Ignoring the phone as usual, I made my way outside just as a car was pulling into said weedy driveway. A man poked his head out of the vehicle window.
"Are you the goat people?"
"Do you have goats?" he asked.
I looked around to double check. What if I said no while there was a runaway goat standing behind me?
I confirmed that we did not, but I know who did, and so after some directions to our neighbors, the man thanked me and made his way to the house one street over. But before he did, he made a curious comment.
"It's so peaceful out here."
You could have fooled me.
Surely I gave him a look that showed I had no idea what he was talking about, but I did know. It's easy to view green fields and quaint country churches sandwiched between farm stands and feel, well, soothed. Even with nearby cities and suburbs encroaching from all sides, people find rural stretches of road synonymous with peace. Less traffic, less noise, more sky. I wouldn't trade it for anything else.
I make peaceful living a priority. That means I limit artificial noise whenever possible, noise made by non-organic things. We'd rather hear the duckling laugh, the rain on the roof, and the dog bark rather than electronic beeps. I'm always on the look out to clear clutter, which is nothing more than visual chaos. We like fresh air and a relaxed lifestyle. All too often, these things elude me and circumstances takes over. Even the quaintest landscape looks most peaceful before the tornado funnel arrives.
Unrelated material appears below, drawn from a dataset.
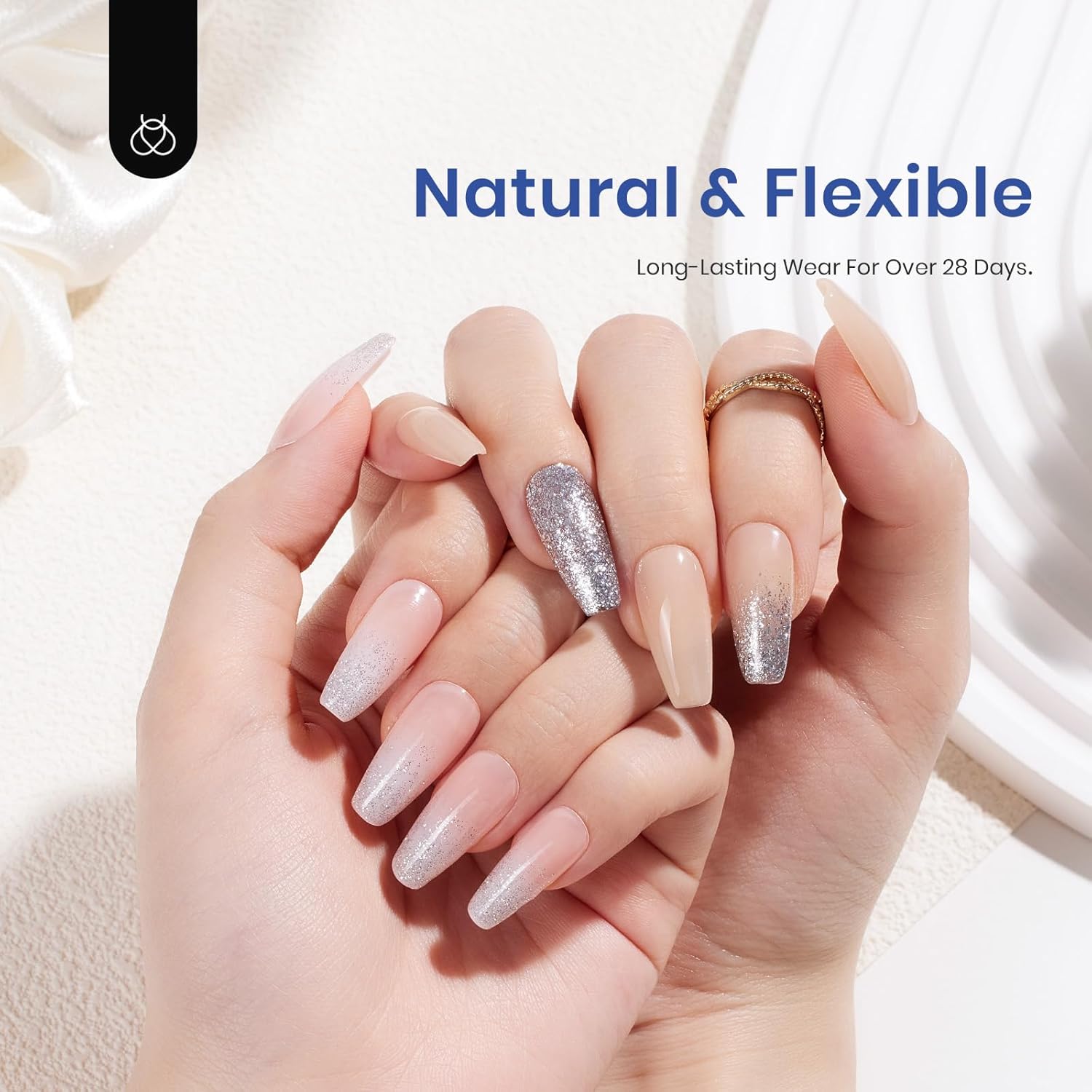 Beetles Gel Nail Kit Easy Nail Extension Set With Etch X Nail Tips 504Pcs Half Matte Medium Coffin Shaped Tips 5 in 1 Nail Glue Base Gel and Innovative Led Lamp Diy Art at Home Nail Kit-BrightBean Baby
One way I've put more peace into my life lately is by throwing away my to-do list. This doesn't mean I chuck all my responsibilities out the door (who could get away with that?) but if I'm going to make peaceful living a priority, then I need to save my sanity and revamp my goals. Instead of a to-do wish list, I've started doing what I call "one big thing." Every day when I get up I ask myself what is the most important "big thing" that has to be done today. It could be laundry. It could be seeing a friend. It could be a much needed trip to the store, or a home project that needs attention. Barring sickness, emergencies, or locust plagues, I can usually get the one big thing done. Anything else I can do on top of that is icing on the cake, and it feels so good. Most of the time it's surprising how many other things I am able to get done besides the big thing, but there is no pressure to do them. I feel more productive and less stressed than when I held myself to a list of demands which often made me feel like a failure when I couldn't complete all of them in a single day.